# Whatsapp Voice Calling



## Daniel (13/3/15)

For those interested you can now make calls through Whatsapp , HANG ON you need to do a few things first : 

Original Article on MyBB : http://mybroadband.co.za/news/smartphones/121786-whatsapp-voice-calling-tested.html

Download the version 2.11.561 (not yet available on Google Play) but here is a link to the APK (if you don't know how to install , you probably shouldn't ) , some say you can just uninstall Whatsapp and re-install , try that it might work (do so at OWN RISK , some have lost their saved chats!).

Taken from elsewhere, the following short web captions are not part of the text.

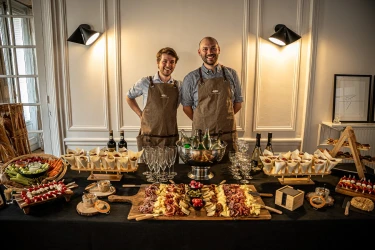 cheese-and-charcuterie-buffet-at-your-event-2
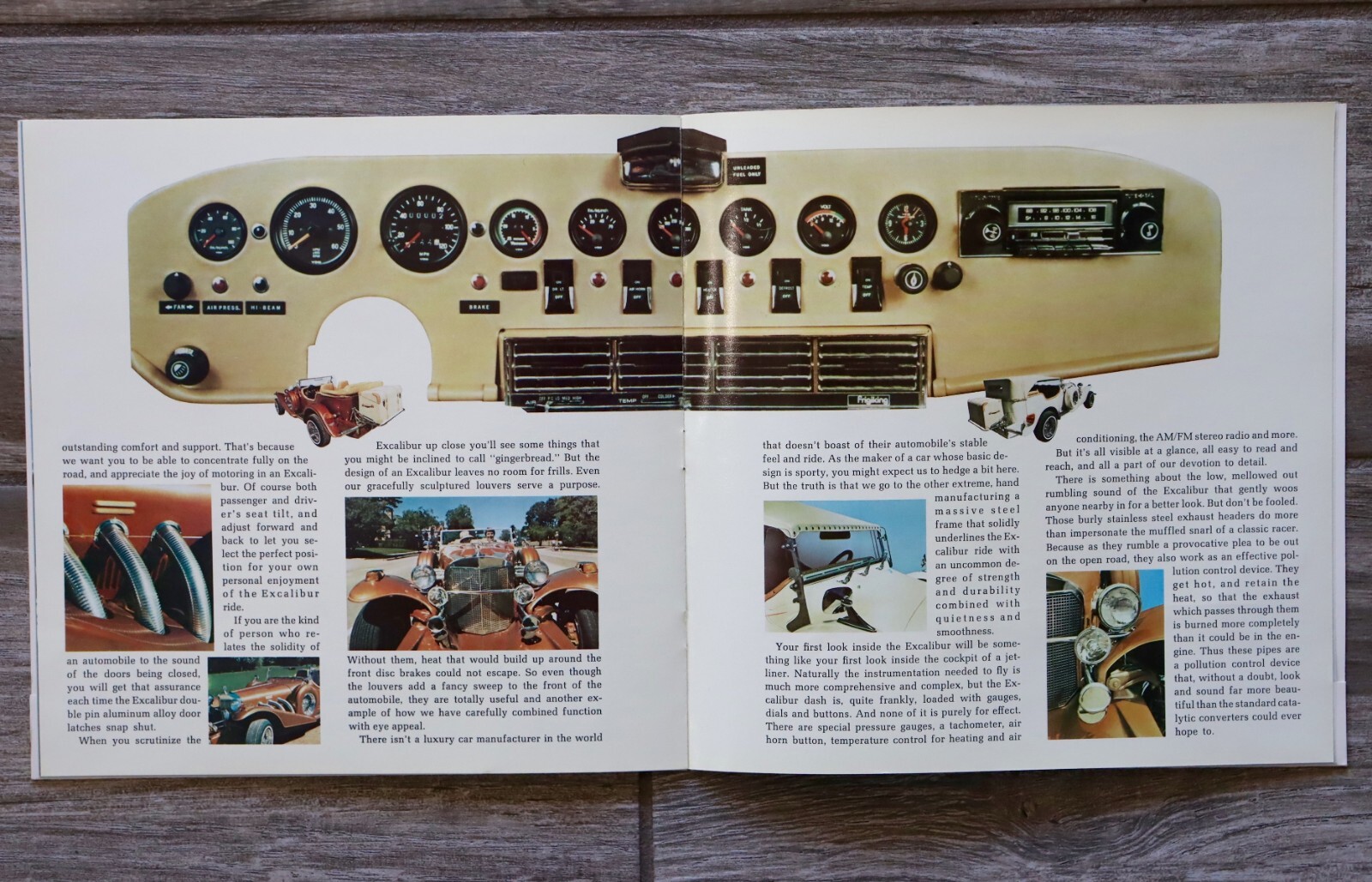 Other-Makes-Excalibur-Phaeton-S-III-1977-Convertible-5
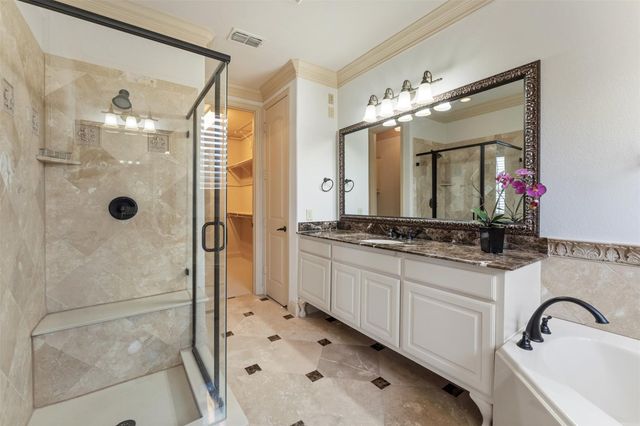 7245 Parkwood Boulevard, Plano, TX 75024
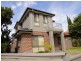 327 Buckley Street, Essendon VIC 3040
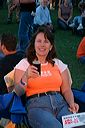 img_0058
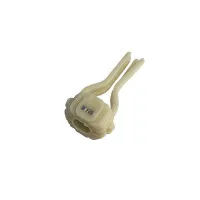 Adapter NanoFlow, 10.0mm duct, Fremco (set of 2 pieces)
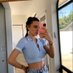 Lana Rhoades (@rhoadeslan34074) Twitter profile photo Lana Rhoades (@rhoadeslan34074) Twitter profile photo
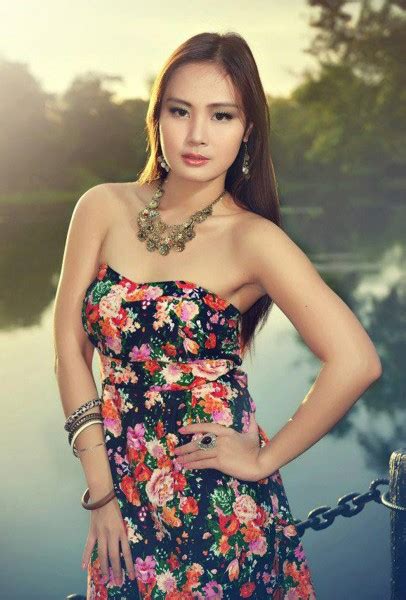 pinay outdoor|Pinay Archives .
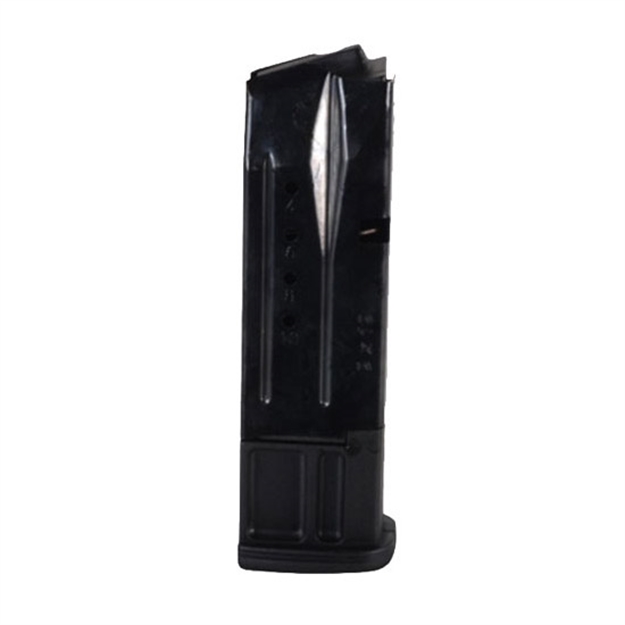 Picture of Steyr Mag M9-A1 9Mm 17Rd 3902050517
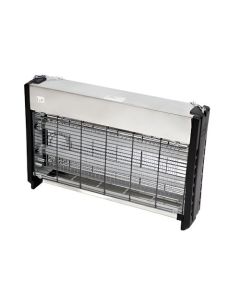 Moustiquaire électrique - Anti Moustique - 35W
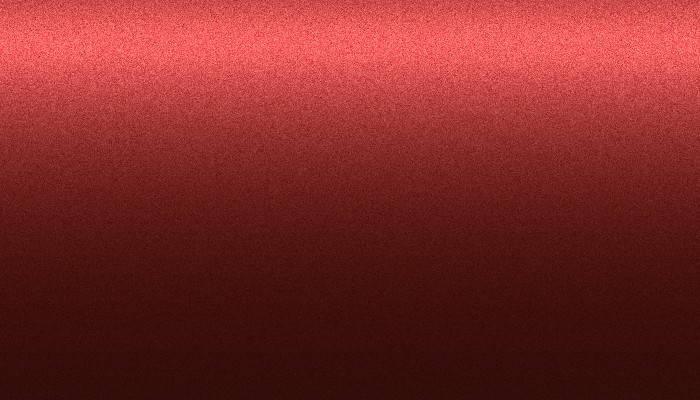 Ремкомплект для ремонта глубоких сколов и царапин BMW, цвет 14913 - SIENA RED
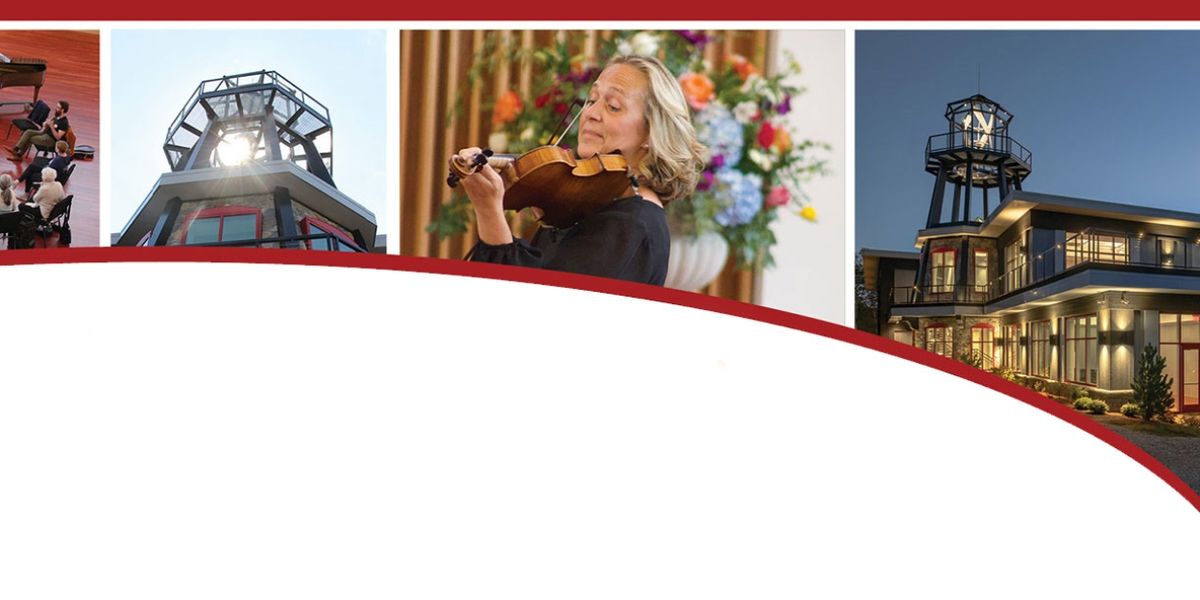 Arts Empowering LIfe Launches Winter/Spring Season Of Performances & Lectures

http://www.apkmirror.com/apk/whatsapp-inc/whatsapp/whatsapp-2-11-561-android-apk-download/

NOW , you need someone to already have WhatsApp calling enabled , I do but PLEASE ONLY THE first one to reply in this thread can PM me their nr and I will call them NB!! you have to be on 561 for it to become enabled as well as actually answer the call  

Ok there you go use it don't use it ... tested it works , let's see how this community comes together and passes it forward ...

Reactions: Like 1


----------



## Silver (13/3/15)

Thanks @Daniel
Most interesting

I wonder how Whatsapp calling differs from Skype calling
In terms of call quality versus bandwidth used


----------



## Daniel (13/3/15)

@Silver , quality seems very dependent on bandwidth , latency to be exact. As with any VOIP service only time will tell ...

Some additional reading (note the scams going around) : http://mybroadband.co.za/news/smartphones/121772-whatsapp-voice-calling-now-open-report.html

Reactions: Thanks 1


----------